In short, Mead concluded that a quarantine would be effective. A quarantine was duly invoked, and England remained free of the pestilence. Considering that rats sneaking ashore could have foiled the quarantine measures, luck was probably a factor, though the basic idea has proven to be sound. Mead’s book on plague went through nine editions and appeared in several languages. Though some recommendations changed, the basic ideas remained the same.

         Mead was also involved in the first experiment with variolation (inoculation with live smallpox material to produce immunity), introduced by Lady Mary Montagu from Turkey. Six prisoners condemned to death received inoculation into the skin. All survived and were set free. Mead and other physicians involved in the trials recommended variolation, even in the face of a 2-3% mortality from the procedure.

         In the 1740s, Mead helped establish a foundling hospital. He, in concert with the artist William Hogarth, encouraged artists to show their creations in the hospital’s halls as a way to raise funds. 

Foundling Hospital (Wellcome Library and Wikipedia)


Gainsborough, Joshua Reynolds, and Hogarth exhibited works. It was the first public art gallery in London and influenced the formation of the Royal Academy of Art. 
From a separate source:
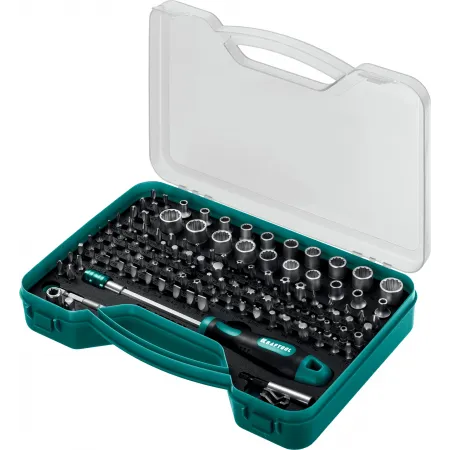 Отвертка Kraftool 26816 в компл.:122 предмета жесткий кейс Отвертка Kraftool 26816 в компл.:122 предмета жесткий кейс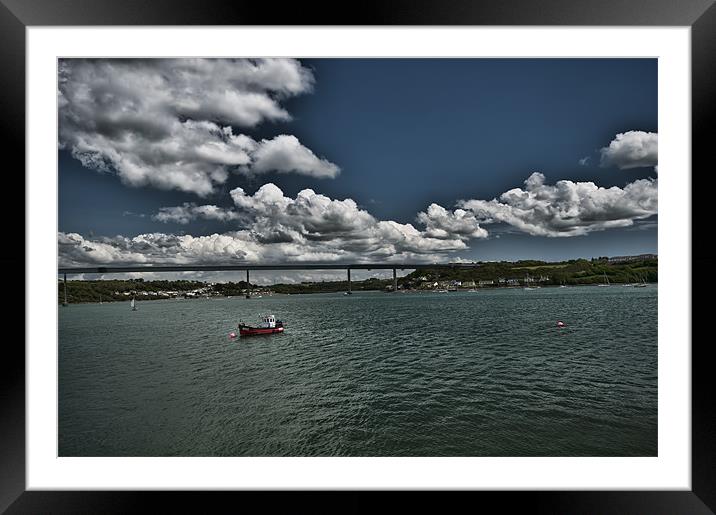 Majestic Cleddau A Serene Waters Symphony Framed Mounted Print by Steve Purnell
Foundling Hospital Chapel, where Handel regularly performed his Messiah.
(Wikipedia)

         Mead wrote other works, managed a large practice, dispensed medical consultations to apothecaries in coffee houses (common at the time), collected books and works of art, and was a generous humanitarian. He was considered by C.E.A. Winslow, former professor of public health at Yale University School of Medicine, and others, one of the pioneers of preventive medicine.

         

SOURCES:

 

Meade, R H, In the Sunshine of Life: a Biography of Dr. Richard Mead, 1673-1754. 1974; Dorrance & Co., Philadelphia.

 

Winslow, C E A, “A Physician of Two Centuries Ago: Richard Mead and his Contributions to Epidemiology.” Bull History of Medicine 1935; 3: 509-44.

 

Roos, A M, “Luminaries in Medicine: Richard Med, James Gibbs, and Solar and Lunar Effects on the Human Body in Early Modern England.” Bull History of Medicine 2000; 74(3): 433-457.

 

Williamson, R, “The Plague of Marseilles and the Experiments of Professor Anton Deidier on its Transmission.” Medical History 1958; 2: 237-52.

 

Hattie, W H, “Richard Mead: A father of Preventive Medicine.” Canad Medical Assoc Journal 1928; 19(1): 101-5.

 

Zuckerman, A, “Plague and Contagionism in Eighteenth-Century England: The Role of Richard Mead.” 2004; Bull Hist Med 78(2): 273-308.

         

Anon, “The Great Plague of Marseilles.” BMJ  1900; May 12, p1172.

 

Mead, R, A Short Discourse Concerning Pestilential Contagion, and the Methods to be Used to Prevent It. London, 1720.